The moment identified by the third phase angle 31 reflects the operation of the single-phase motor 10 near the idle status of the axle, whereas the fourth phase angle 41 indicates the operation of the single-phase motor 10 near the second operating condition 200.

Based on this information, the electronic control circuit 20 is capable of detecting an idle axle condition of the single-phase motor 10, by observing the phase difference between the current IpI that circulates through the main winding 3 and the voltage Vsa existing on the auxiliary switch 25.

In this kind of operation, the present protection and control system is capable of avoiding undesirable heating of the single-phase motor 10, shutting down the machine, and also allowing it to develop a new start-up. The main 15 and auxiliary 25 switches are preferably formed by thyristors of the TRIAC kind, or equivalents, such as disclosed in figure 2 of the present application.

According to the subject matter now claimed, the electronic control circuit 20 is electrically associated to a trigger terminal 8 of the auxiliary switch 25, whereas the same electronic circuit 20 is electrically associated to a trigger terminal 7 of the main switch 15. The trigger terminal, or gate, of a TRIAC is the connection responsible for receiving a command voltage whether or not to conduct its respective thyristor.

It is normally necessary to apply short-lasting pulses to trigger the TRIAC and turn it on, and said pulse must be repeated at every semicy- cle start of the mains voltage, in order to maintain the thyristor in the on-state throughout the entire voltage cycle. Figure 5 illustrates instants in which the trigger currents are applied to their respective TRIACs. In the present invention, the electronic control circuit 20 is responsible for generating a trigger current principal IGP in the main switch 15 and the auxiliary trigger current IGA in the auxiliary switch 25.

In figure 5 it is also possible to note the existence of a main voltage VGP on the trigger terminal 7 of the main switch 15, and an auxiliary voltage VGA on the trigger terminal 8 of the auxiliary switch 25, in the moment at which they are in the on-state, as well as the currents that circulate through each switch.
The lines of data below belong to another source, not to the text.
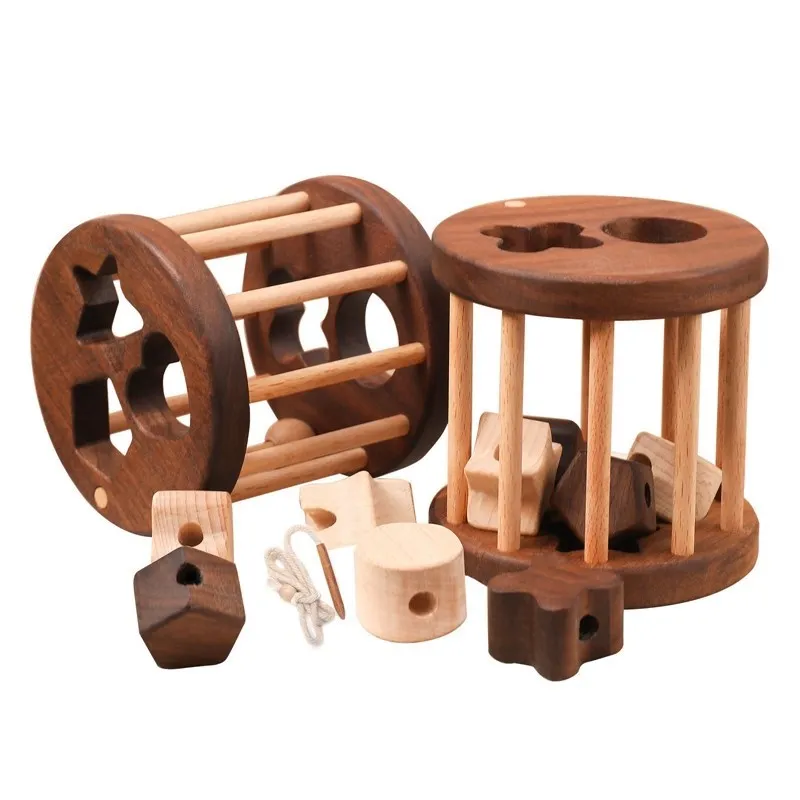 1Set Wooden Rattles Shapes Threading Toy Montessori Geometric String Threading Game Kids Education Block Toys For Children Gifts
1Set Wooden Rattles Shapes Threading Toy Montessori Geometric String Threading Game Kids Education Block Toys For Children Gifts
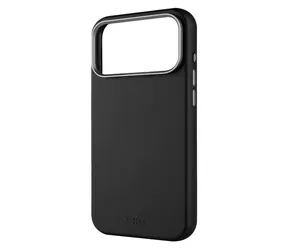 FIXED MagLeather Hülle für Apple iPhone 17 Pro Max aus veganem Leder mit MagSafe-Halterung, schwarz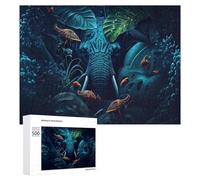 Puzzles pour Adolescents 500 PCS Jungle Elephant Majesty Puzzles pour Adultes Jeux Relaxants Découpe De Précision Jeu Stimulant Cadeaux 500 PCS
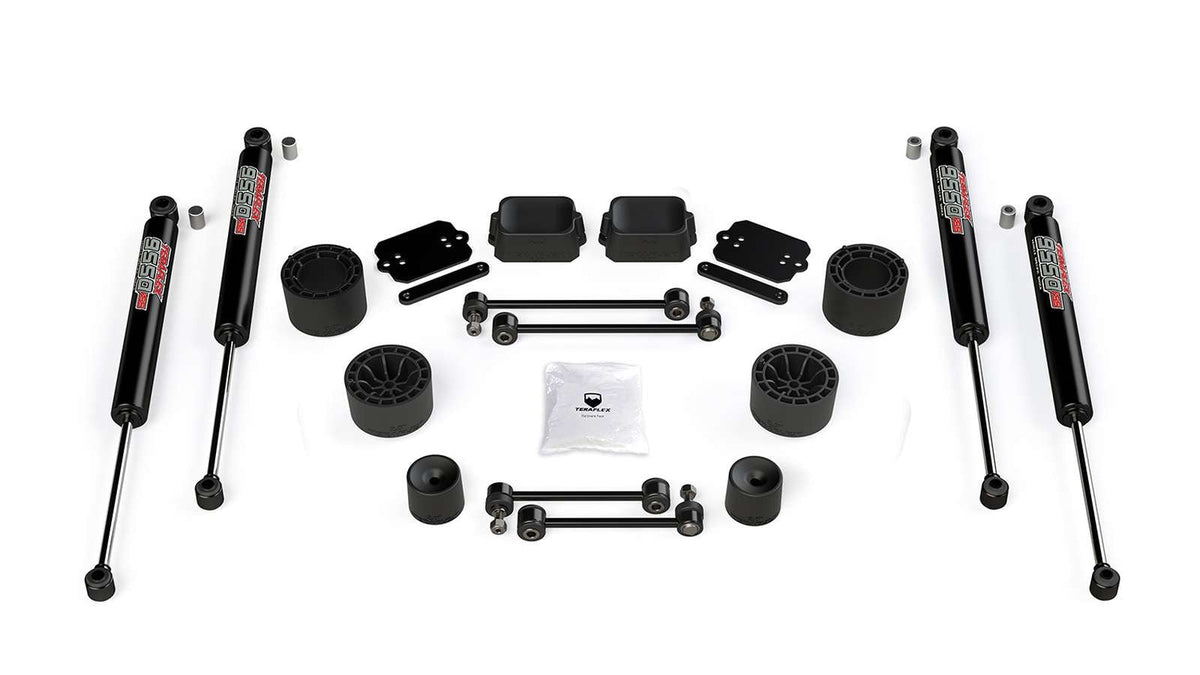 Teraflex 2.5" Performance Spacer Lift Kit w/ 9550 VSS Shocks Kit for 2018-2021 Jeep Wrangler JL Rubicon 4WD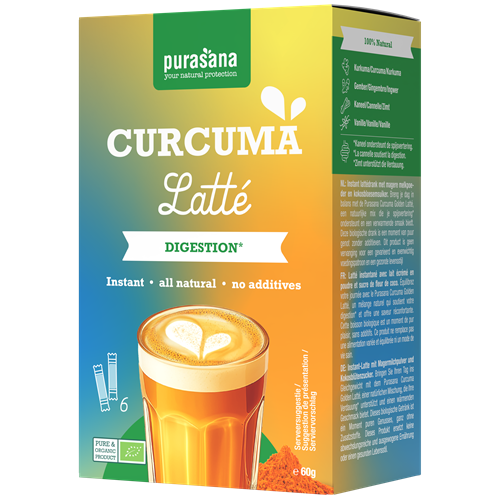 [PURAHD01] Purasana Hot Drinks Curcuma Latte 6 x 10g Bio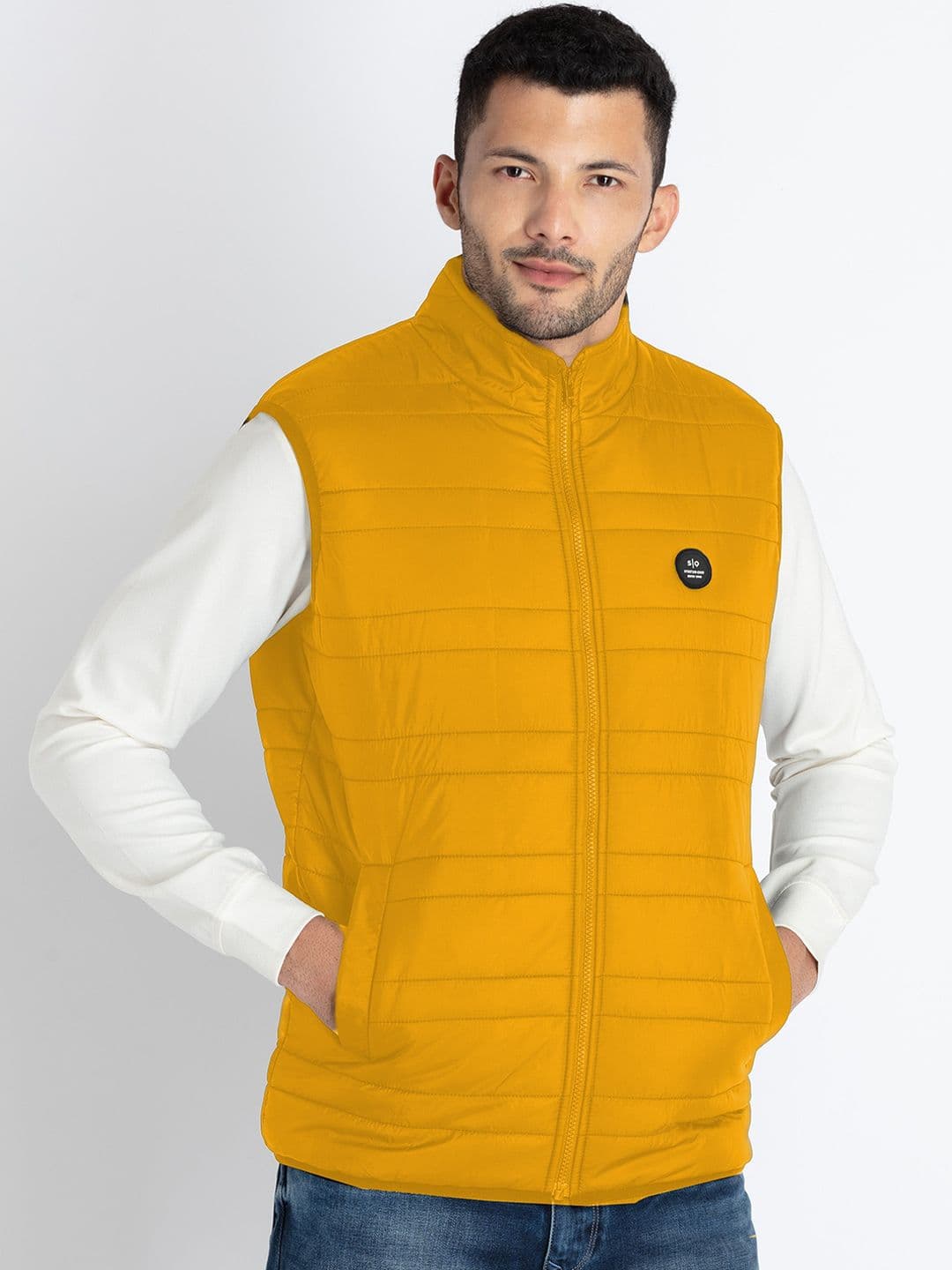 Status Quo Qulited Mock Collar Puffer Jacket - view 1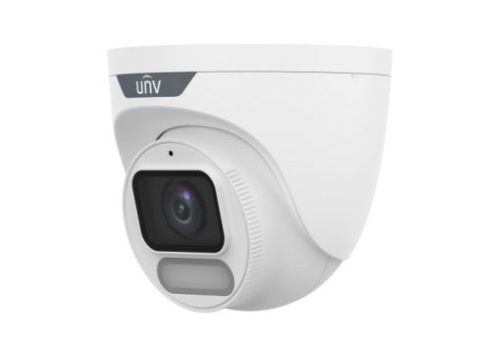 Uniview Easystar Colorhunter 2MP OwlView Wise-ISP turret dómkamera, 4mm fix objektívvel, mikrofonnal
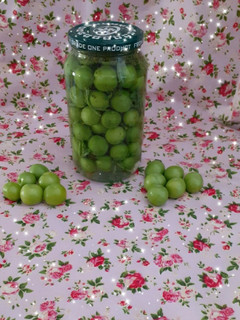 عکسی از دستور "ترشی گوجه سبز"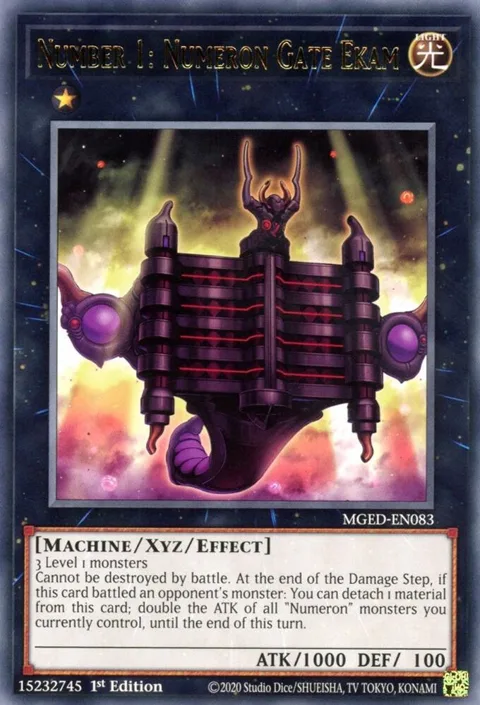 Number 1: Numeron Gate Ekam MGED-EN083 Yu-Gi-Oh card from Maximum Gold: El Dorado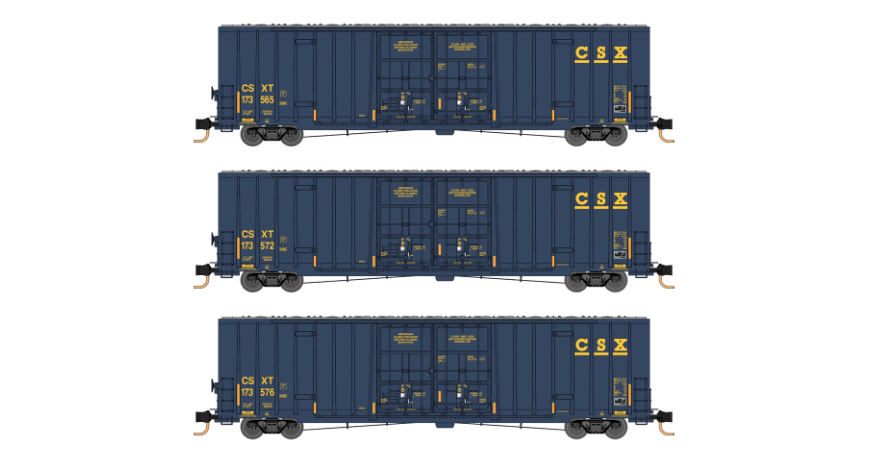 MICRO-TRAINS LINE 025 00 117 CSX CSXT Rib Side 50' Box Car # 141706 N Scale 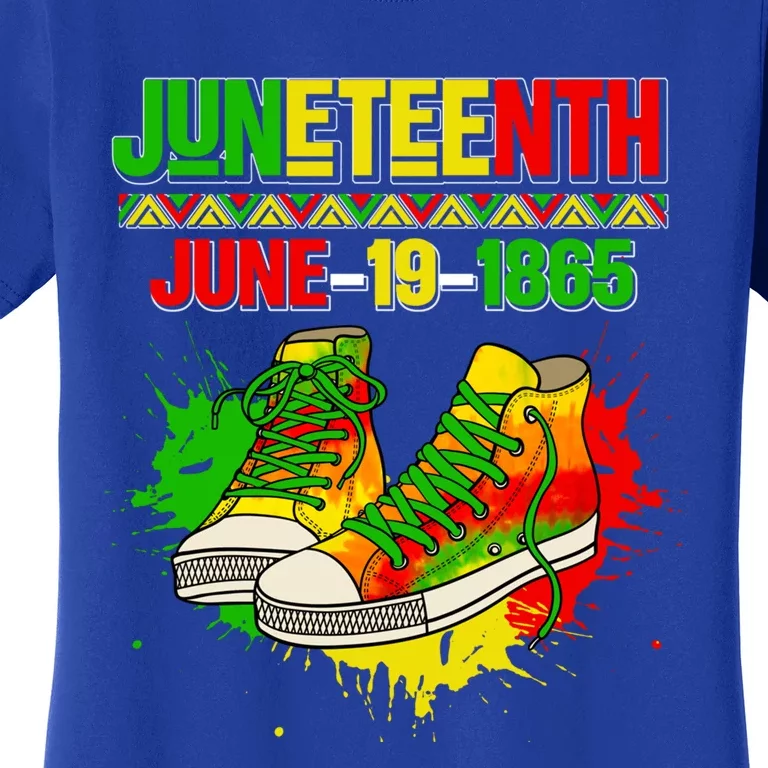 Juneteenth June 19 1865 Sneakers Black History Month African Meaningful Gift Women's T-Shirt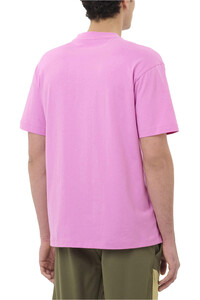 Salomon camiseta montaña manga corta hombre CHEST LOGO RELAXED TEE M vista trasera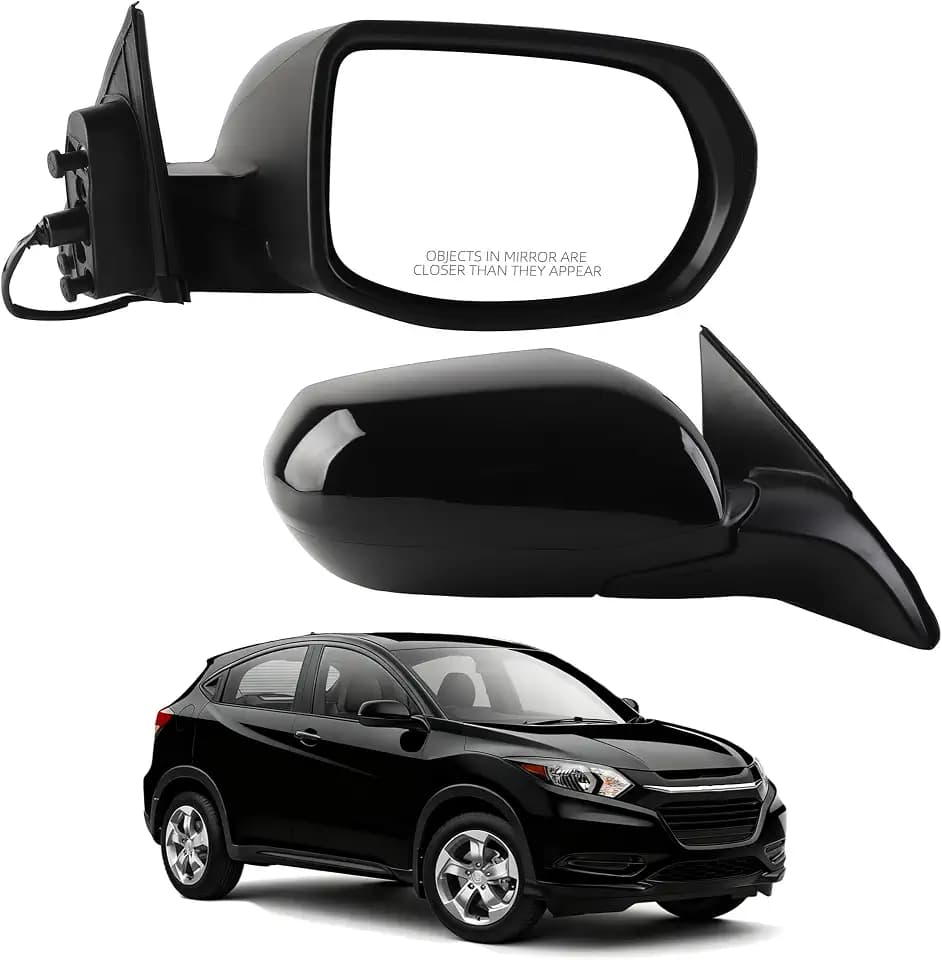 Dasbecan Right Side Mirror Compatible with 17-22 Honda HRV Black 3 Pins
This case refers to an electrical voltage value originating from the trigger terminals from the main 15 and auxiliary 25 switches.

According to the teachings of the present invention, the angle- phasoj; difference measured between the currents that circulate through the main 3 and auxiliary 4 windings, as already described, is obtained from said electrical voltage value originating from the trigger terminals of the main 15 and auxiliary 25 switches.

More particularly, the electrical voltage value originating from the trigger terminals is further capable of detecting the direction of the currents that circulate through the main 3 and auxiliary 4 windings, and also the point at which they cross zero.

It must be emphasized that the electrical voltage value originating from the trigger terminals, especially the main VGP and auxiliary VGA voltages, is around 1 V when its respective thyristor is in the on-state.

Furthermore, the polarity of said voltages varies, thus allowing the direction of the currents that circulate through each TRIAC to be inferred.

Figure 6 illustrates the main VGP and auxiliary VGA voltages, observed in the trigger terminals of the main 15 and auxiliary 25 switches, as well as the angle Al formed between said voltages, and in this sequence it is possible to infer by the angle between the currents that circulate through both switches. Said value is estimated by the electronic control circuit 20, in accordance with the teachings of the present invention.

As described previously, said angle Al is employed by the electronic control circuit 20 to determine the moment at which the auxiliary winding 4 will be disconnected, in this case the main winding 3 only remaining connected.

If the electronic control circuit 20 so understands, based on the phasor difference of the currents of the motor windings 10, that the angle between them is below a reference value, said circuit 20 should maintain both windings connected, in order to provide the start-up torque required for the single-phase motor 10. Preferably, said reference angle is about 30 degrees.

In alternative applications, it is possible to program the electronic control circuit 20, via software, so that it can be develop a new start-up in the single-phase motor 10, if it fails to achieve the desired revolution within a pre-seϊ time period.

An alternative embodiment, in accordance with the object of the present invention, refers to the observance of an AIV voltage angle, as illustrated in figure 7, between the voltage phase on the auxiliary switch 25, when open, and the phase of the voltage principal VGP present in the trigger terminal 7 of the main winding.

Said AIV voltage angle, when implemented via software in the electronic control circuit 20, makes it possible to evaluate the operating status of the single-phase motor 10, and more particularly whether it is working in operation, or regime, or even in low revolution or idle.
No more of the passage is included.